I have discovered to my chagrin that the Glenn Fellows—or
some portion of them, anyway—are aware of my dalliance with Facebook. I put it this way because I don’t entirely
approve of Facebook, and I almost never use it to report my own random activities
or idle ruminations (I have a blog for that).
Frankly, I find Facebook useful mainly for unobtrusive parental
surveillance, a tool the efficacy of which is inversely related to my level of overt
activity. At one point, my children, both of whom are adults, had
to approve my request to “friend” them—in doing so they must have known that they
were devaluing the currency—but at this point I suspect they have forgotten
that their old man is still lurking in the shadows.
One oft-lamented feature of Facebook is its habit of using
“friend” as a verb, and that is only one of the ways in which Facebook has corrupted
our language. Even more objectionable,
in my view, is the site’s propensity to inform me that my friend Mary Jane has updated
“their” Facebook profile. This infelicity
no doubt stems from the difficulty of engineering a distinction between male
and female Facebook members, English lacking as it does a neutered version of “his” and “hers.”
Perhaps it’s time to borrow from Finnish its versatile, trans-gendered,
third-person pronoun, hän.
It was in Finland,
in fact, that I first encountered Facebook.
Oulu, the home of the university where I
taught as a Fulbrighter in 2006, is a city of about 110,000 in what is known as
Finland’s Silicon
Valley. (In the late 1980s,
when perestroika was in full swing
and Mikhail Gorbachev visited Finland, he caused a sensation by electing to
visit a Nokia factory in Oulu instead of the Lenin Museum in Tampere.)
I created my own Facebook account because I thought it would
be rude to resist the overtures of my Finnish hosts and my students at the
University of Oulu. Over time, I noticed
that many of my Finnish “friends” were migrating to LinkedIn, another social
networking Web site designed more explicitly to serve professional purposes,
and another place for yours truly to hang out.
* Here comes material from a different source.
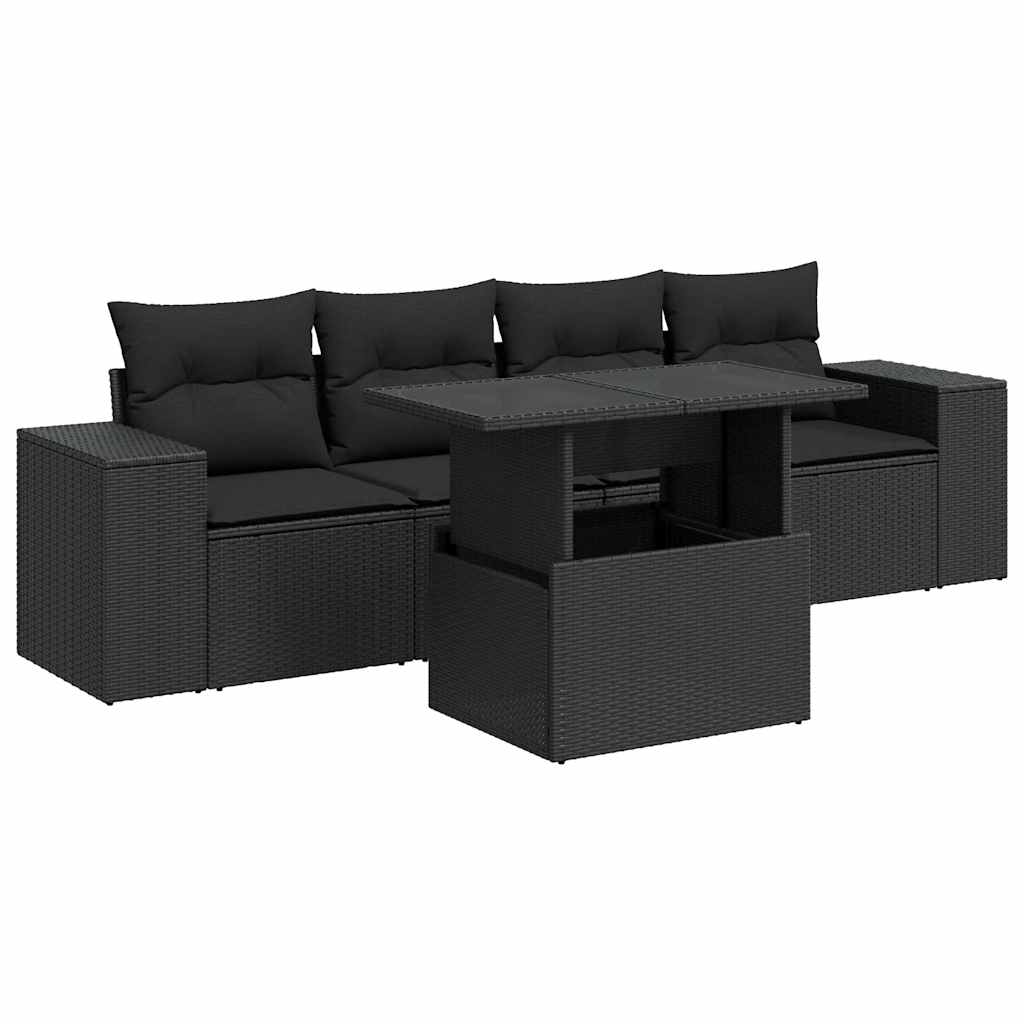Set Divani da Giardino 5 pz con Cuscini in Polyrattan Nero | homemem39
Perhaps because I was introduced to social networking
overseas, I was unaware that Facebook was founded as recently as 2004, and that
it began as an extracurricular intramural activity at Harvard University. This I learned a few years ago from The New York Review of Books. In an insightful article, Charles Petersen argued that the secret
to Facebook’s success lies in the way that it exploits the dynamics of social
stratification.
In his explication of Facebook’s “snob appeal,” Petersen refers
to the concept of “position taking” associated with the French sociologist Pierre
Bourdieu. It has to do with the branding
and marketing of self, to wit: “When Facebook
had been limited to a few elite schools, listing Beethoven among one’s ‘favorite
music’ could easily stand as a statement of aesthetic discovery. This was due to that other salutary fiction
of an elite meritocratic education: that
class distinctions disappear, to be replaced by pure judgment and analytic
reason.”[1] To me this has the ring of truth. It also is reminiscent of a classic work of
sociology that, these days, is more often cited than read. I refer to David Riesman’s The Lonely Crowd (New Haven: Yale University Press, 1950), the most
popular work of modern sociology—1.4 million copies sold—ever.
The Lonely Crowd
attempts to demonstrate that large, impersonal societal forces tend to call
forth certain character traits or personality types. In medieval times, a relatively stable and static
society favored pious and traditional individuals. The industrial age, by contrast, was all
about production and destruction. Its “self-made”
men were driven by internalized values; Riesman refers to them as “inner-directed.” In an age of consumption, by contrast, it is
appropriate for individuals to look outside themselves when they engage in
“position taking.” These
“other-directed” souls become masters of the art of exchanging tastes with
their peers, though that condemns them to being forever buffeted by the fickle
winds of fashion. If inner-directed
people have gyroscopes that govern their movements, other-directed people are
propelled by highly sensitive radar systems.
That’s why they join Facebook, and then maybe they worry about what
inadequacies they are revealing in the process.
That the young David Riesman served as law clerk to Mr.
Justice Brandeis, the obsessive collector of facts who would usher in a
meritocratic age in the American judiciary, is probably no coincidence.
That The Lonely Crowd touched
a nerve in the American psyche is a testament to the power of Riesman’s analytical
skills. The popularity of social
networking sites such as Facebook also may be a measure of the insecurity that
other-directed people feel about their “position taking,” and of what another
great sociologist called the “quest for community.”[2] Then again, come to think about it, this may
have nothing whatever to do with the American political culture, but rather,
with the small-d democratic soul wherever it may be found—and an extremely
egalitarian version of it is to be found in Finland. But that’s another story.